(DATASET ENTRIES)

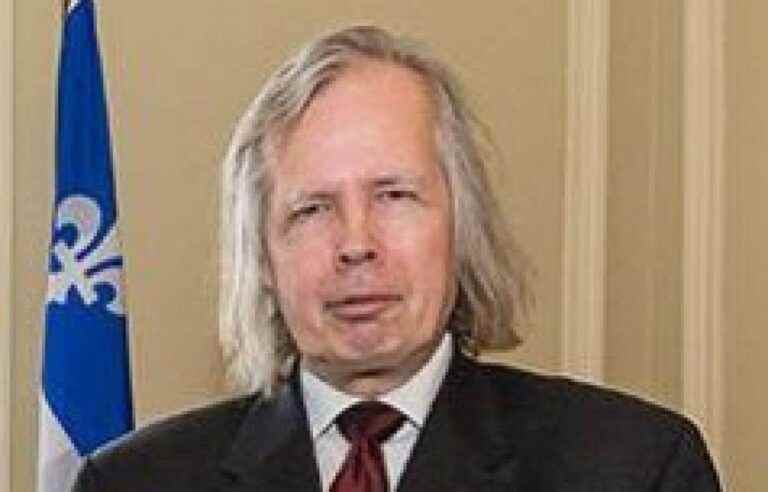 Lawyer Jacques St-Amant reported missing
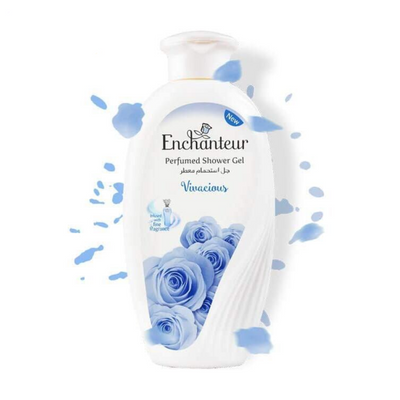 Enchanter shower gel 250 ml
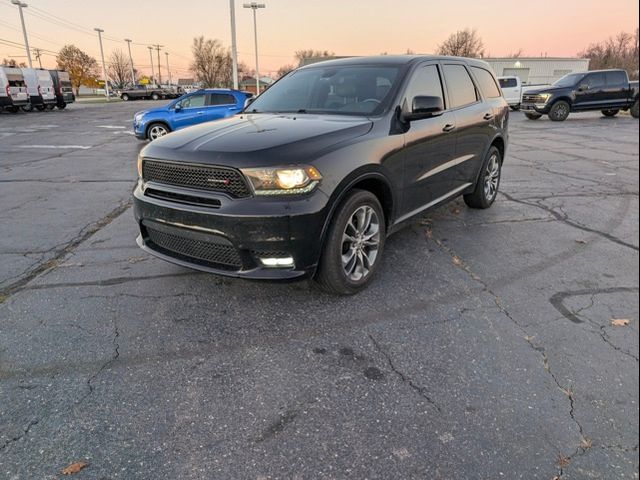 2020 Dodge Durango GT Plus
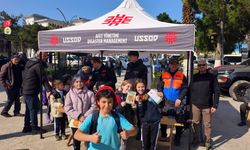 Biga'da deprem haftasına özel farkındalık etkinliği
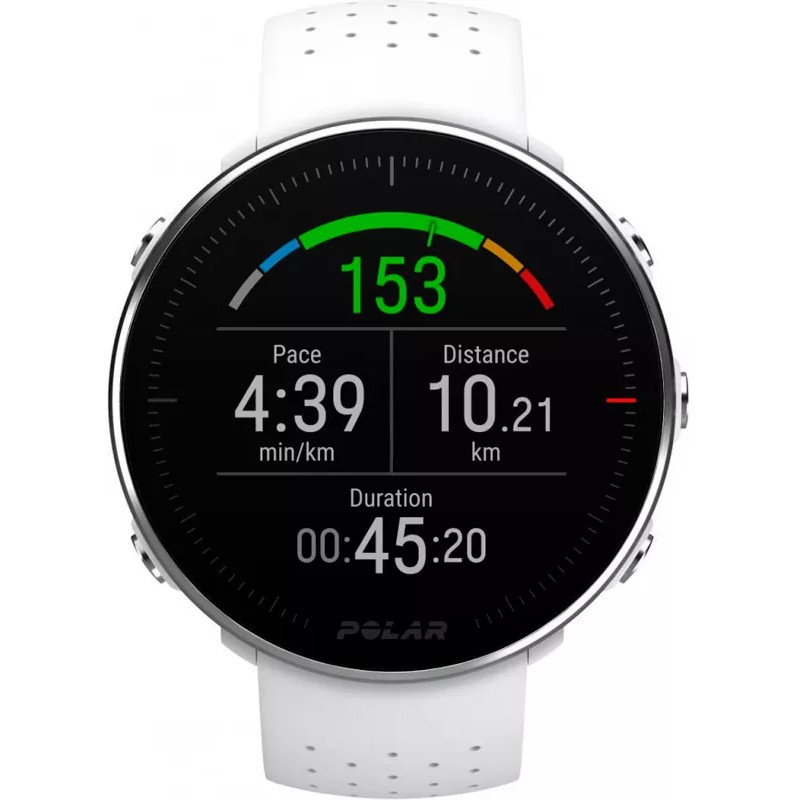 Умные часы Polar Vantage M M/L White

(End DATASET ENTRIES)

Each entry above must be repeated word for word, minus its images.

[ANSWER SECTION]
 Lawyer Jacques St-Amant reported missing
 Enchanter shower gel 250 ml
 2020 Dodge Durango GT Plus
 Biga'da deprem haftasına özel farkındalık etkinliği
 Умные часы Polar Vantage M M/L White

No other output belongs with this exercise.